I – Em regra só existe omissão de pronúncia nos termos da al. d) do n.º 1 do art.º 615.º do CPC, quando o Tribunal deixa de apreciar questões submetidas pelas partes à sua apreciação.
O Tribunal tem de apreciar e decidir as questões processuais trazidas aos autos pelas partes – pedidos formulados e excepções deduzidas – e todos os factos em que assentam, mas não está obrigado a pronunciar-se sobre todos os argumentos esgrimidos pelas partes nos autos, nem tão pouco está obrigado a atentar em todo o acervo fáctico trazido pelas partes, designadamente quando o mesmo é desprovido de interesse.
II – Não estamos perante o apontado vício da sentença, na situação em que foram apreciadas todas as questões relevantes submetidas à apreciação do juiz, nomeadamente as referentes à resolução do contrato.
III – Sempre que a transmissão para o adquirente da posição do empregador no respetivo contrato de trabalho possa causar prejuízo sério ao trabalhador, quer por manifesta falta de solvabilidade ou situação financeira difícil do adquirente, ou se a política de organização do trabalho deste não lhe merecer confiança, ou noutras situações em que se formule um juízo de prognose de prejuízo sério, o trabalhador poderá exercer o direito de oposição de forma a manter-se vinculado ao transmitente ou por termo ao vínculo contratual (justa causa de resolução objectiva do contrato da iniciativa do trabalhador).

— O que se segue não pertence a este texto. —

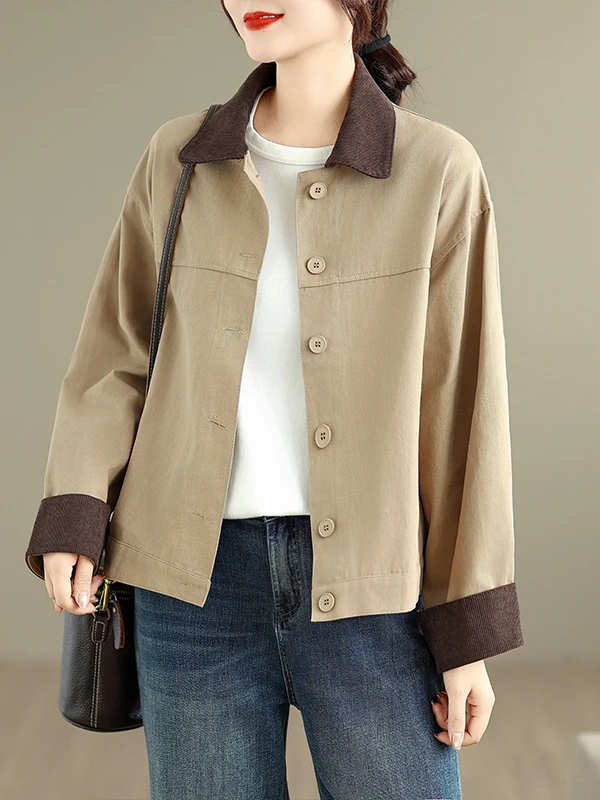 Retro Hong Kong Style Color Block Collar Jacket Women's Loose plus Size Slimming Casual Open Cardigan Top Trendy Cotton Blend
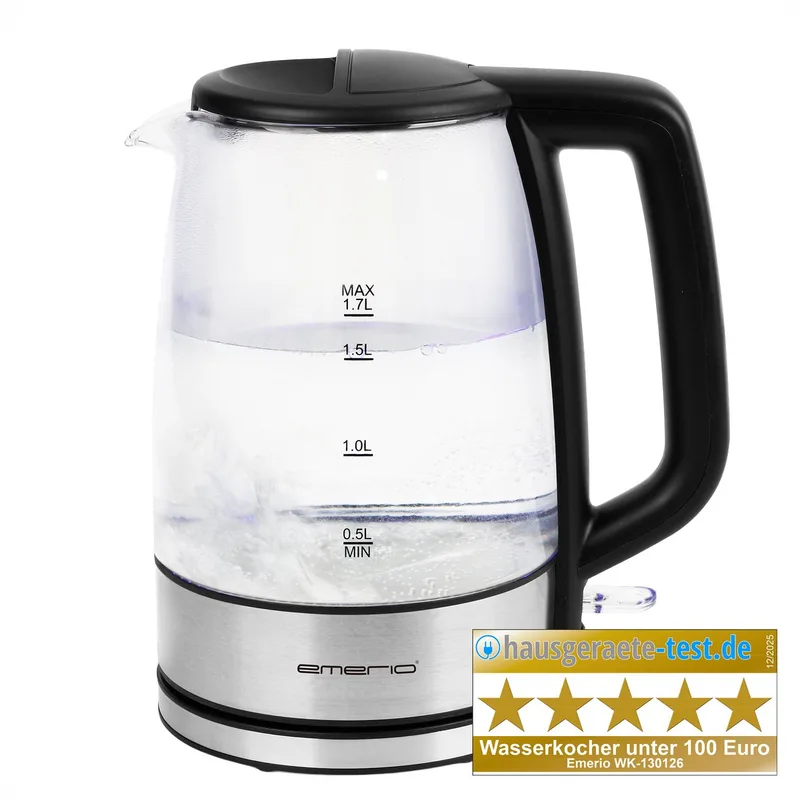Waterkoker 1.7 Liter - LED Verlichting - Oververhittingsbeveiliging en Automatische Uitschakeling - Water niveau indicator - Elektrische Waterkoker 2200W - WK-130126 RVS / Glas de Emerio en Glas, Rvs – photo produit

IV- Incumbe ao autor especificar, por escrito, de forma objectiva e detalhada os factos e circunstâncias subsumíveis no conceito de prejuízo sério ou seja que a transmissão da empresa ou estabelecimento, tem a virtualidade de poder vir a causar-lhe um prejuízo que não é insignificante, nem de pequena monta, designadamente por virtude da falta de solvabilidade da adquirente, ou se o nível de organização do trabalho deste, não lhe merecer confiança, de forma tornar inexigível a manutenção da relação laboral.
V – Não se encontrando a causa justificativa da resolução do contrato suficientemente alegada, não pode considerar-se de lícita a desvinculação que se invoca que ocorreu com justa causa.